Getting Data In

Time extraction in CSV

redc
Builder

I have a CSV file that has a rather large number of fields (189, to be exact). The timestamp is in field #47 (CREATEDATE) and is in %Y%m%d format (field is limited to 8 numeric characters, so 20130101, for example).
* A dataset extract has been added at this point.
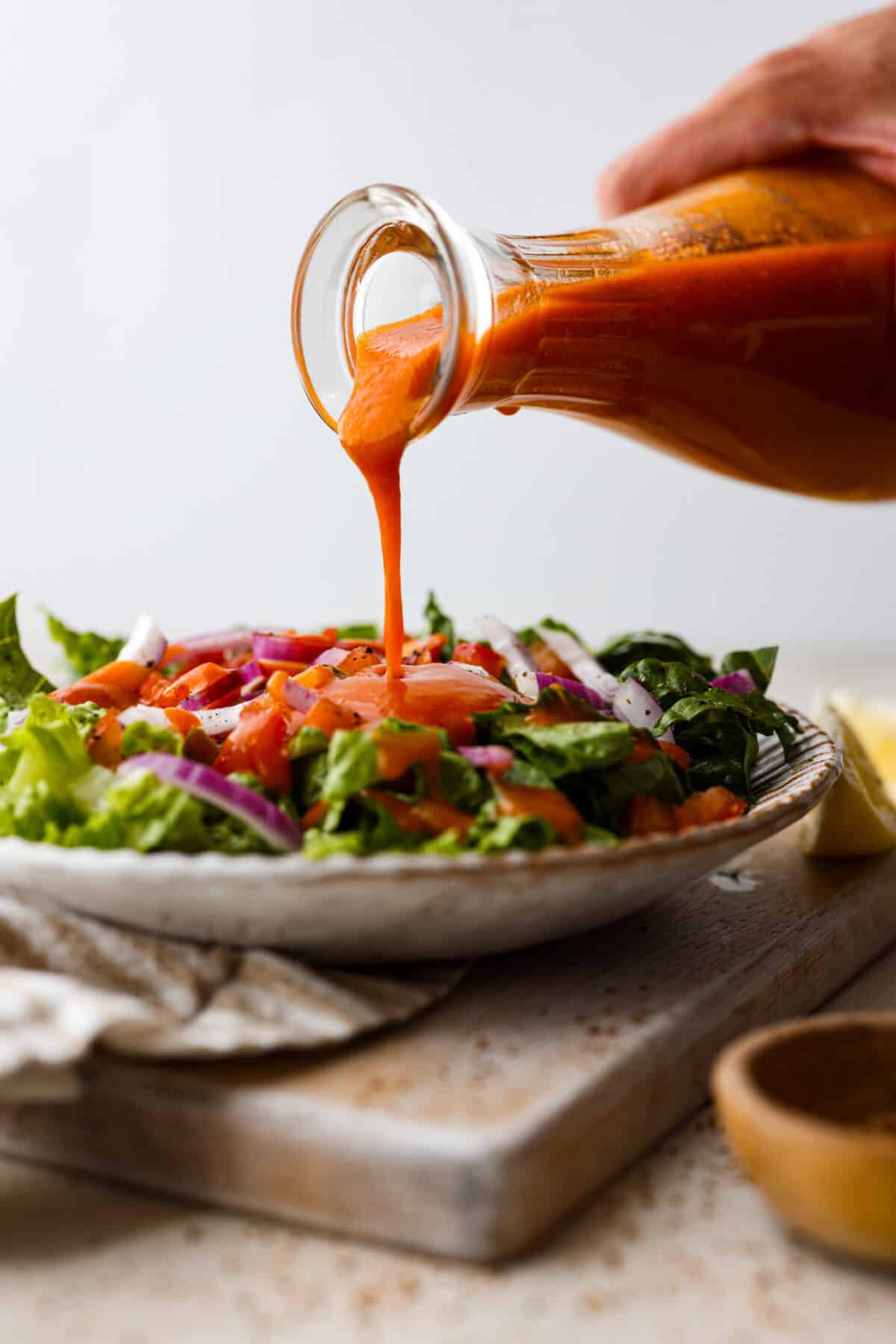 Delicious Catalina French Dressing will give your salad the perfect tangy, sweet flavor! It comes together quickly with a few simple ingredients you probably already have in your kitchen! Once you try it, you will want to have it on repeat! Side shot of someone pouring dressing over a plated salad.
I have tried numerous TIME_FORMAT and TIME_PREFIX, extractions to no avail; I also can't seem to get Splunk (v 6.0) to recognize that the first line is the header when using HEADER_FIELD_LINE_NUMBER (which, if I understand correctly, would allow me to use TIMESTAMP_FIELDS to identify the timestamp as the CREATEDATE field rather than using a regex or anything like that).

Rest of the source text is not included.